▸ Aim of the exercise:
Pictures are to be left out, and only the lines below starting at the one with "Select Search Automatically" and ending at the one with "Then click the" are to be reproduced, each exactly, both ends included.

▸ Entries shown:
※ ※ ※

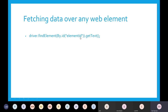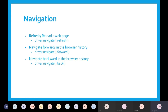Once you find an element you can store the text in a variable. For navigation: using driver.navigate().refresh() you can refresh that page. You can also go forward and go back using driver.navigate().forward() and driver.navigate().back().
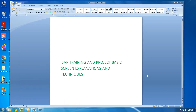Hi friends, welcome to our channel. I am Vera. Please subscribe to our channel, like and share our videos. Today's topic is SAP training and project flow: basic screens explanation and techniques. We will cover SAP project flow including implementation, rollout, support, maintenance, and upgradation project flow.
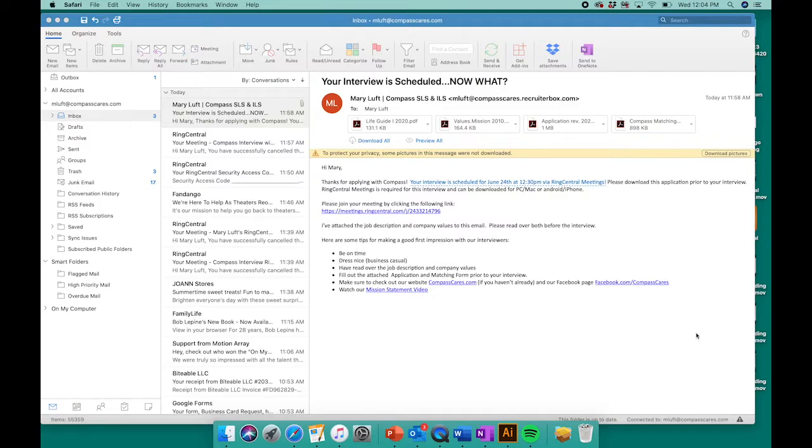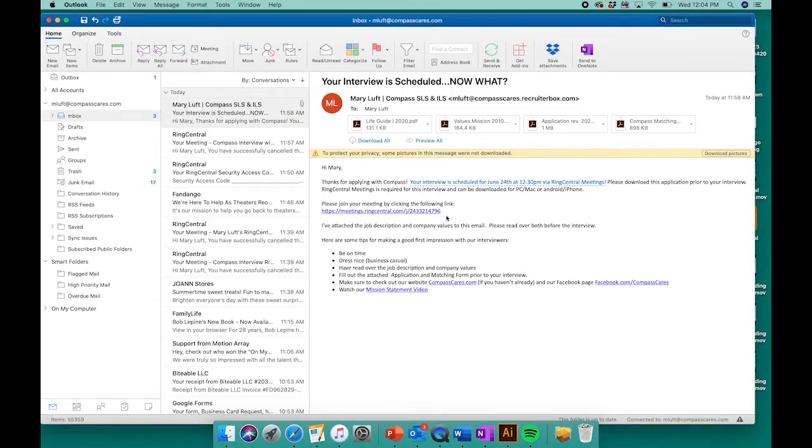You should have received an email from one of our recruiters that looks similar to this. In that email we provided you with a link. The first step you want to do is click on that link.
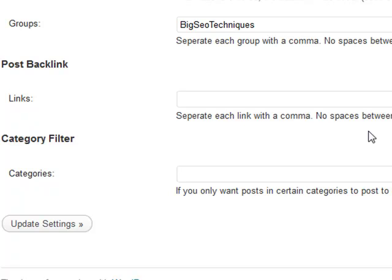Hi guys, Abz here. I'm going to be taking you through a demonstration of the new WordPress plugin for Bookmark Lovers. It's an update we're sending out and I'll be giving you the link in the email or in the post that you're viewing this video in.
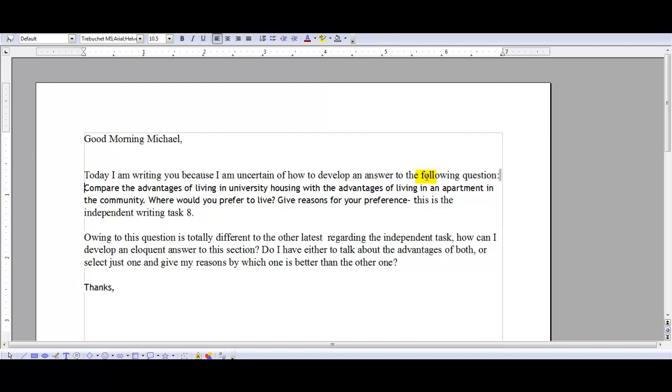Now, this is important because one of the important parts of the TOEFL is you need to be able to understand what the speaking and writing task is and how to organize your response. In this case, you have a two-part question: compare the advantages first, and then explain where you would prefer to live.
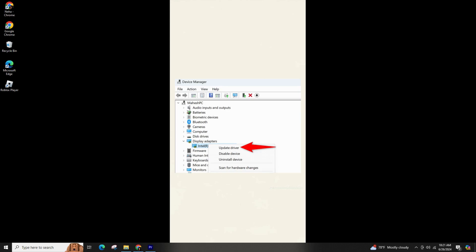Select Search Automatically for the Drivers on the next page, and let the Device Manager find and install drivers. Reboot.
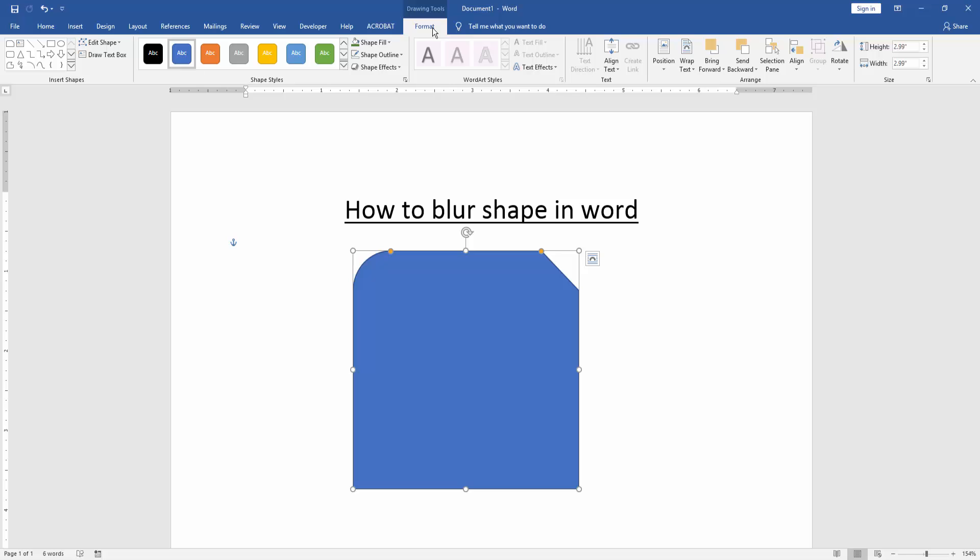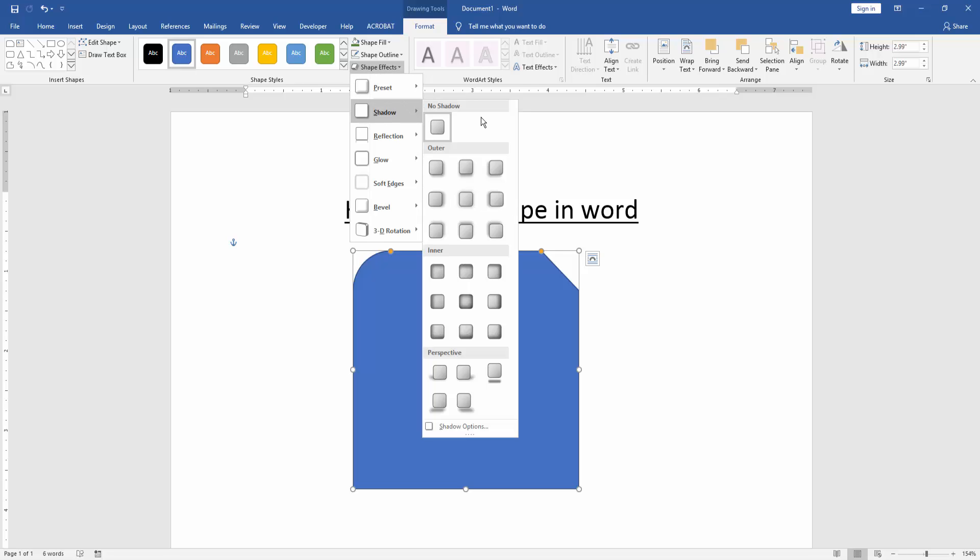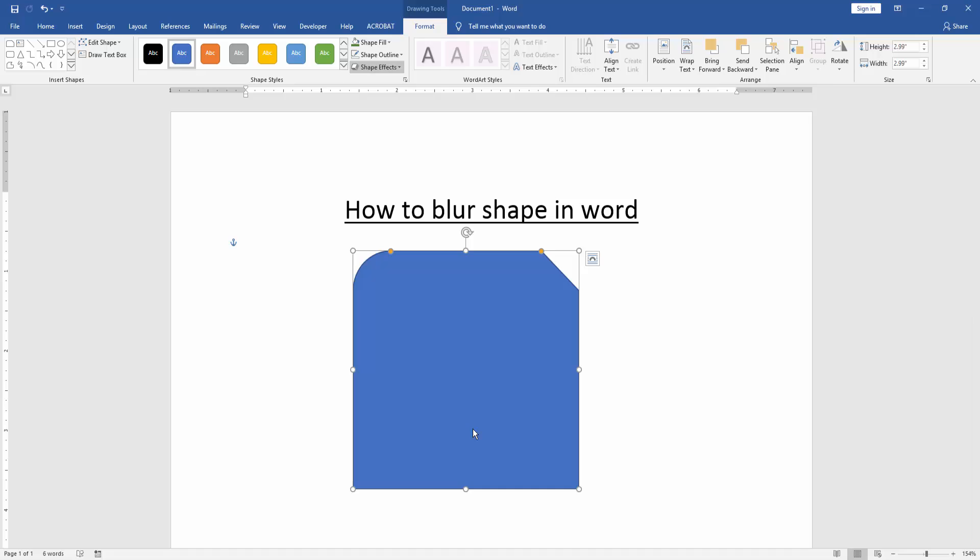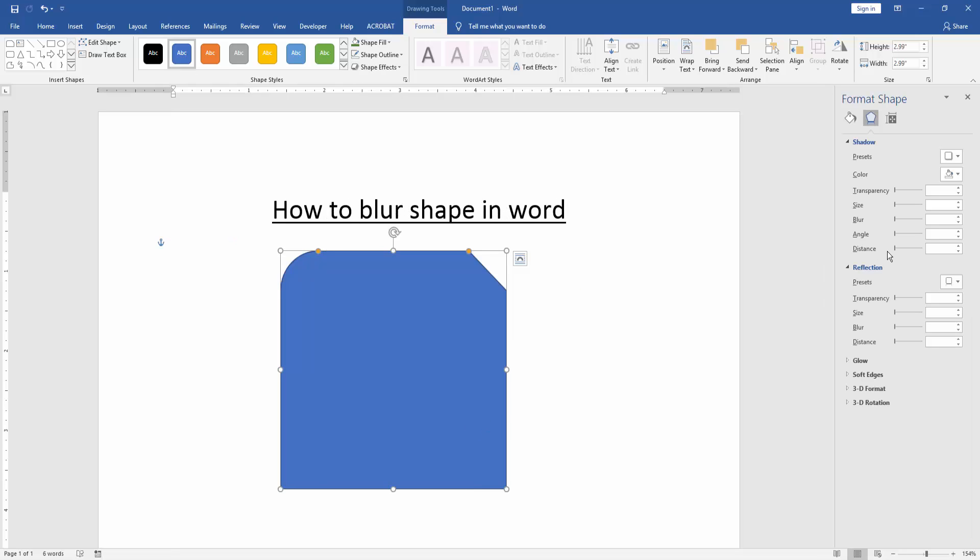Then click the Shape Effect and choose Shadow. Then go to the Shape Shadow option. We can see here many options. We increase the blur option.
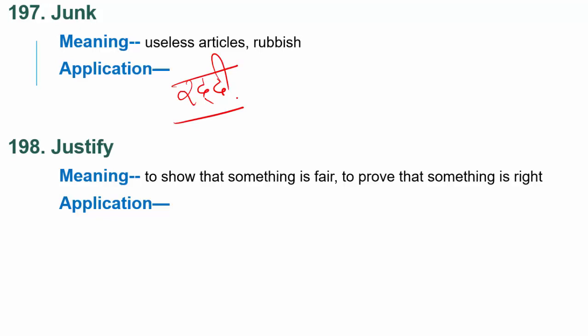Next word is justify. Justify is to show that something is fair, or to prove that something is right. Justify matlab dikhana ki koi chiz sahih hai ya koi insaan jo hai wo bilkul sahih hai — justify karna hota hai matlab safai dena ki nahi, yeh sahih hai, prove karna. How can you justify spending all that money? — Tum kis tarah se justify karoge?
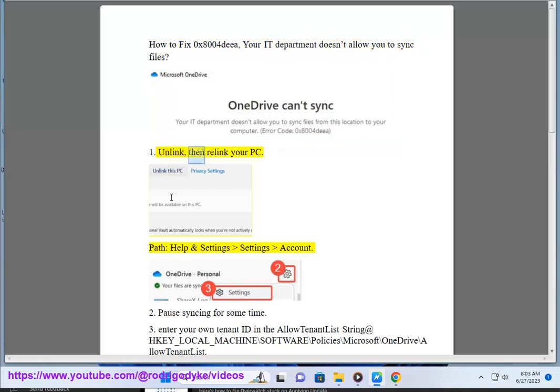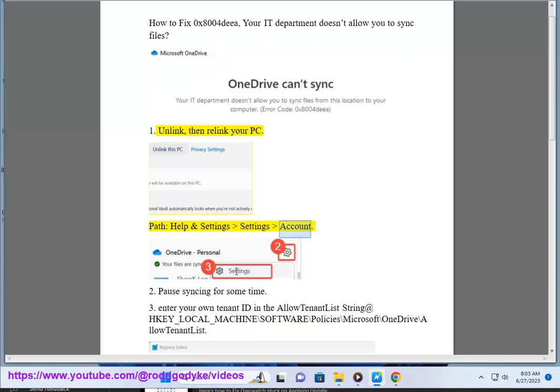Step 1: Unlink, then relink your PC. Path: Help and Settings > Settings > Account. Step 2: Pause syncing for some time.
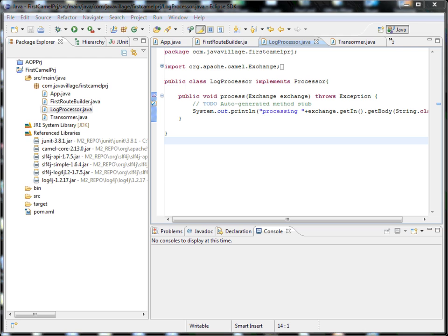We'll cover Apache Camel, which is basically an integration system. It's hard work to integrate systems because the developer doing the integration must understand how the endpoint systems expose themselves to an external system. For example, an external system might be in a different format, and generally we achieve integration by JMS or WMQ, which is very hard to do manually.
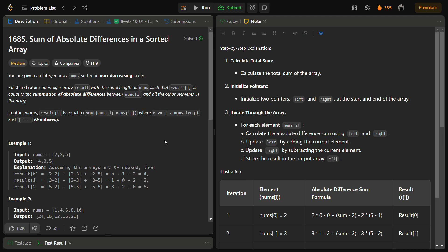Here is the approach. First we calculate the total sum of the array. We use two pointers, left and right, to store parts of the sum. Right will be used to store the right part of the array — used to compute the right part of the absolute difference. We initialize left to the start and right to the end of the array. Then we iterate through the array. For each element nums[i], we calculate the absolute difference using a formula where left represents the sum of elements to the left of nums[i] and right represents the sum of elements to the right.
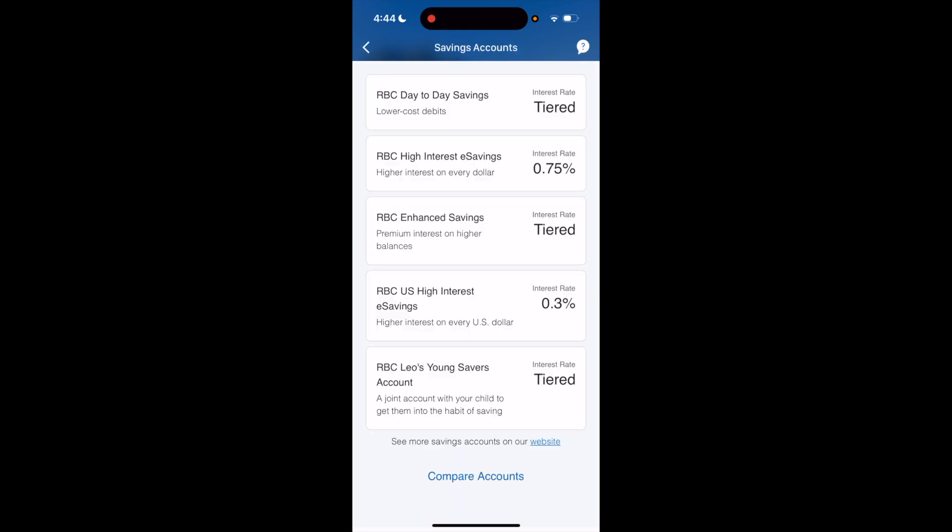Once you're on the savings account page, it'll show you a bunch of different savings accounts: the RBC Day-to-Day Savings account, a High Interest eSavings account, an Enhanced Savings account, a US High Interest Savings account, and Leo's Young Savers account. For this demonstration, I'll press on the RBC Day-to-Day Savings account.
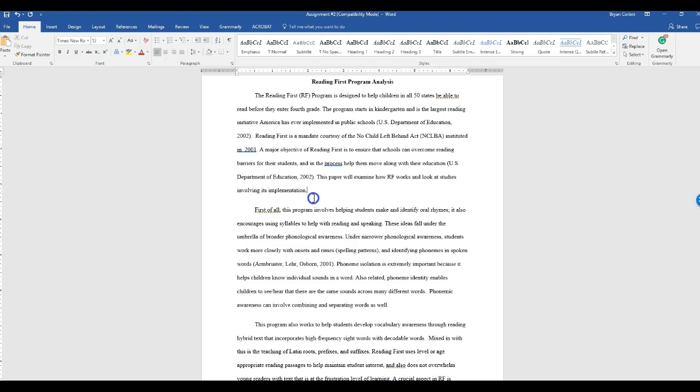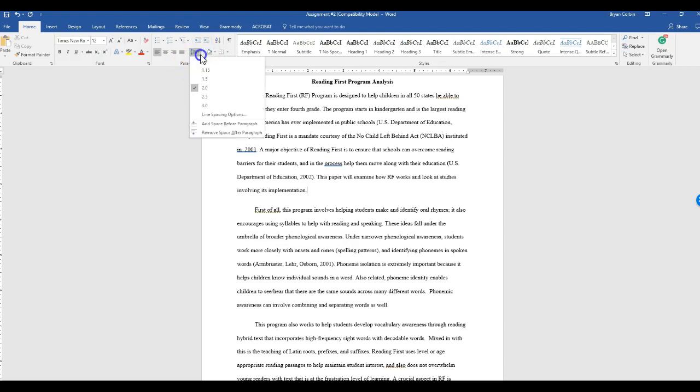make sure in your Microsoft Word document that your home tab is selected as seen up here. Then scroll over to where it says paragraph and click the up down arrow and make sure that your spacing is set for double space. In this case, my document is.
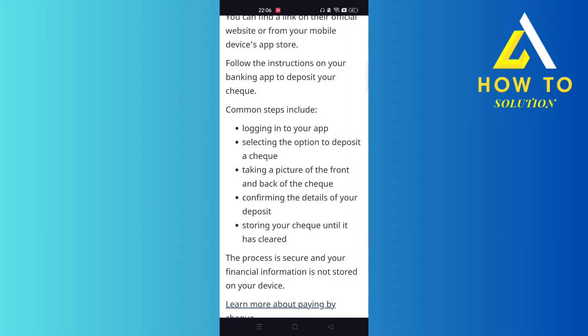Hey guys, today I'm going to tell you how to deposit a check in a bank in Canada. Make sure you watch till the very end to understand the entire process step by step.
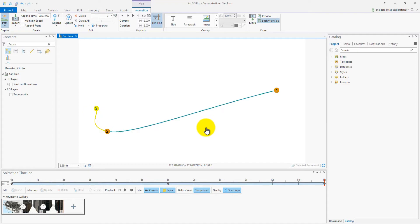So to fix this, we need to create an additional key between keyframes two and three. This is what we call an in-between. This extra key will inform the computer on how to interpolate between keyframes two and three.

※ ※ ※

▸ Response area:
Select Search Automatically for the Drivers on the next page, and let the Device Manager find and install drivers. Reboot.
Then click the Shape Effect and choose Shadow. Then go to the Shape Shadow option. We can see here many options. We increase the blur option.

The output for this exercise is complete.